If you thought that Apple TV and Google TV were going to make the family room a dangerous place for console games, it looks like there's even more competition. Yahoo! Connected TV is going to be adding paid apps to their lineup. Yahoo! has had their widgets built into TVs from Toshiba, Vizio, Samsung, Sony and LG for a while now (in selected Internet-connected models), and with this new program will be allowing developers to create apps and sell them for your TV.

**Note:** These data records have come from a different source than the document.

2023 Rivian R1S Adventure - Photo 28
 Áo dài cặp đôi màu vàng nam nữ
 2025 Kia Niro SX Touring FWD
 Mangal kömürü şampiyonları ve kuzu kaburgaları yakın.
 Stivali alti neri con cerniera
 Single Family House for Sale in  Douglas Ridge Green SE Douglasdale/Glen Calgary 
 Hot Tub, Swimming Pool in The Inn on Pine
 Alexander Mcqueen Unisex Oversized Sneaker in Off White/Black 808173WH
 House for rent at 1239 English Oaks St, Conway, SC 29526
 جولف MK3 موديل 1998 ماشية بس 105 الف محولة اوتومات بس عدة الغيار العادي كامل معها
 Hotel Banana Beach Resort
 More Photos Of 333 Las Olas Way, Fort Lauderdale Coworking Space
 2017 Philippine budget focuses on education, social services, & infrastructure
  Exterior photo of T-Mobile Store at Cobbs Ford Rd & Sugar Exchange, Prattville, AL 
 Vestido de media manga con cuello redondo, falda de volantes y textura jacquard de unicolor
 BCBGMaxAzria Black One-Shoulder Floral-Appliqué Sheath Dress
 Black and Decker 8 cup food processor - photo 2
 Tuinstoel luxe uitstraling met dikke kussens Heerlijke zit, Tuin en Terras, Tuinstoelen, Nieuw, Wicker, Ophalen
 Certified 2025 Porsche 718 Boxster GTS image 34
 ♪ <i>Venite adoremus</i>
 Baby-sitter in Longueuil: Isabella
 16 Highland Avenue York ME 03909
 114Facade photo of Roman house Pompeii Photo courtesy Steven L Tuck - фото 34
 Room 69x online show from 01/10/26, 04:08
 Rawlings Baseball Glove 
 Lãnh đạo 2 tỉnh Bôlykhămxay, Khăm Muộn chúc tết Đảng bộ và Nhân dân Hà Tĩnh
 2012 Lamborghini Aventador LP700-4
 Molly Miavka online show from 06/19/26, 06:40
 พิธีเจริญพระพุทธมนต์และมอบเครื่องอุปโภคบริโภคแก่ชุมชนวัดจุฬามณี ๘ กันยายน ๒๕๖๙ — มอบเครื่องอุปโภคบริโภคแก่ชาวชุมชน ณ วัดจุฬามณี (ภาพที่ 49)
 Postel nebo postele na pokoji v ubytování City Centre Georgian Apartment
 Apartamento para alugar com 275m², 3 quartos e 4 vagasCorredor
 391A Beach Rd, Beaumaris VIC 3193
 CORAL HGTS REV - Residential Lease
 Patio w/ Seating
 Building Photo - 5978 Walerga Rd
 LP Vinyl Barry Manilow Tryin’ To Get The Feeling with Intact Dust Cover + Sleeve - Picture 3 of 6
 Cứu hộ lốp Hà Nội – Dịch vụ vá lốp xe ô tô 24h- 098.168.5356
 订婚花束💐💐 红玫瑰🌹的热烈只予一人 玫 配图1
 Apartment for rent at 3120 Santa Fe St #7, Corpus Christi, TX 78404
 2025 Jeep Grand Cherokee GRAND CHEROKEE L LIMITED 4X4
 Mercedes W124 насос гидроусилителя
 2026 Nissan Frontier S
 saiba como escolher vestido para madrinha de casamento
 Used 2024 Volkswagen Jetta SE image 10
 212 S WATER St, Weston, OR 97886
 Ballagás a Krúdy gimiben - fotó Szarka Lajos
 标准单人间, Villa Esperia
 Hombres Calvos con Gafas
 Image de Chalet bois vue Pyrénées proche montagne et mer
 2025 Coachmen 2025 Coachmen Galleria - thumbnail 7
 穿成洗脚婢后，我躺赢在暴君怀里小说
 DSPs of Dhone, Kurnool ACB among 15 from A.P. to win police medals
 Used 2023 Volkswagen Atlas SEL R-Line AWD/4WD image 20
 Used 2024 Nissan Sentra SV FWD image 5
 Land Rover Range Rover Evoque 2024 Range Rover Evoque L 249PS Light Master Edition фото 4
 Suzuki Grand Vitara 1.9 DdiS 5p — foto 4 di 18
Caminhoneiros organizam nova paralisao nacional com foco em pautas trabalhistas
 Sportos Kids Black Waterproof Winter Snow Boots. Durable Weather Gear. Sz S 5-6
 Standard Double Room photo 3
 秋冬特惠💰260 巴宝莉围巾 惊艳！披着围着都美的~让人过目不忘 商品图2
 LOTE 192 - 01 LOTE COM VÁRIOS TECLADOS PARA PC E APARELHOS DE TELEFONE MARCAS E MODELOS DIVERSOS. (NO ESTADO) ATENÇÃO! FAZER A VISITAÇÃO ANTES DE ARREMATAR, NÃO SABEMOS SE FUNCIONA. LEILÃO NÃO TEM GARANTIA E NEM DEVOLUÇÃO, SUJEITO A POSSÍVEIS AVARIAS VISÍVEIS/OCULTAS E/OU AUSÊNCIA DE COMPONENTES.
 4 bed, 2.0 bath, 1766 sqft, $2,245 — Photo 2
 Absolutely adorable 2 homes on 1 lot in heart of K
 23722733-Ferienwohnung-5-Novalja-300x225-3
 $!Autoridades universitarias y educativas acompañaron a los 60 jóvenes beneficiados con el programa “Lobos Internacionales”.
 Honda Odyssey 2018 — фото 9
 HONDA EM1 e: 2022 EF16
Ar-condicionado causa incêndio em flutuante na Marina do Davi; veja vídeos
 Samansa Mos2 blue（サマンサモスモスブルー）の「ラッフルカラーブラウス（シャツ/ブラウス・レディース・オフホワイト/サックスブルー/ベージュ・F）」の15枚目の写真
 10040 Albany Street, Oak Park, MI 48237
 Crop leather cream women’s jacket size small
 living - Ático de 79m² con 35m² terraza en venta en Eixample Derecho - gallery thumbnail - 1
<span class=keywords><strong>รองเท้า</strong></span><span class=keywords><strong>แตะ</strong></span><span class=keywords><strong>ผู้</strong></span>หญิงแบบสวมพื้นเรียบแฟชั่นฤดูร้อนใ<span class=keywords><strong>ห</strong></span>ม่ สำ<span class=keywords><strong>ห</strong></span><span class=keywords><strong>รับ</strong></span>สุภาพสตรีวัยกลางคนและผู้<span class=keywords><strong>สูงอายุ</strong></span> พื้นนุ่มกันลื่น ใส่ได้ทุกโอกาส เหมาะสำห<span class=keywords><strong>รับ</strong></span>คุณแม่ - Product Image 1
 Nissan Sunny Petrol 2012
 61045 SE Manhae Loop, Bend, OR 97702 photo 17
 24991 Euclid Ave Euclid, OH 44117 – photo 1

Nothing is said especially about games, but I can see some Texas Hold'em in some of the screen shots. The materials I burrowed through didn't mention anything about animation, but you can still create many games without animation. Sure, this will no doubt be a pale shadow of what you can eventually get from a fully enabled Apple TV or Google TV, but neither of those platforms are ready for gaming action yet. (Google has said "sometime in 2011" for having an Android Market designed for Google TV; Apple hasn't said anything at all, but it sure seems like an obvious move.) Yahoo! will start allowing paid apps in 2011, so they will steal a march on their competition.

The family room space is heating up for game developers. You'd think the current consoles would be in a good position, since they already have hardware in place (and continue to sell it) and a large installed base. Unfortunately, they are saddled with old business models and are finding it difficult to change (Ooh! Nintendo has started to allow demos of games in their WiiWare store! Wow!). The fight going on now is for the hearts and minds of developers, and the current console makers are in a stupefyingly bad position for that battle. "Hey! Sign up to create games for our console... pay this fee... plan on spending months wading through the bureaucracy and waiting for approval... wonder if your games are going to get stuffed into an obscure corner of our online store..." or "Create whatever you like and put it into our store." I wonder which one is easier to sign up for?

This all represents a big opportunity for old-school game companies... you know, the kind that still produce things on paper. Find yourself a programmer, guys. Grab a bucket, it's about to rain soup in the family room.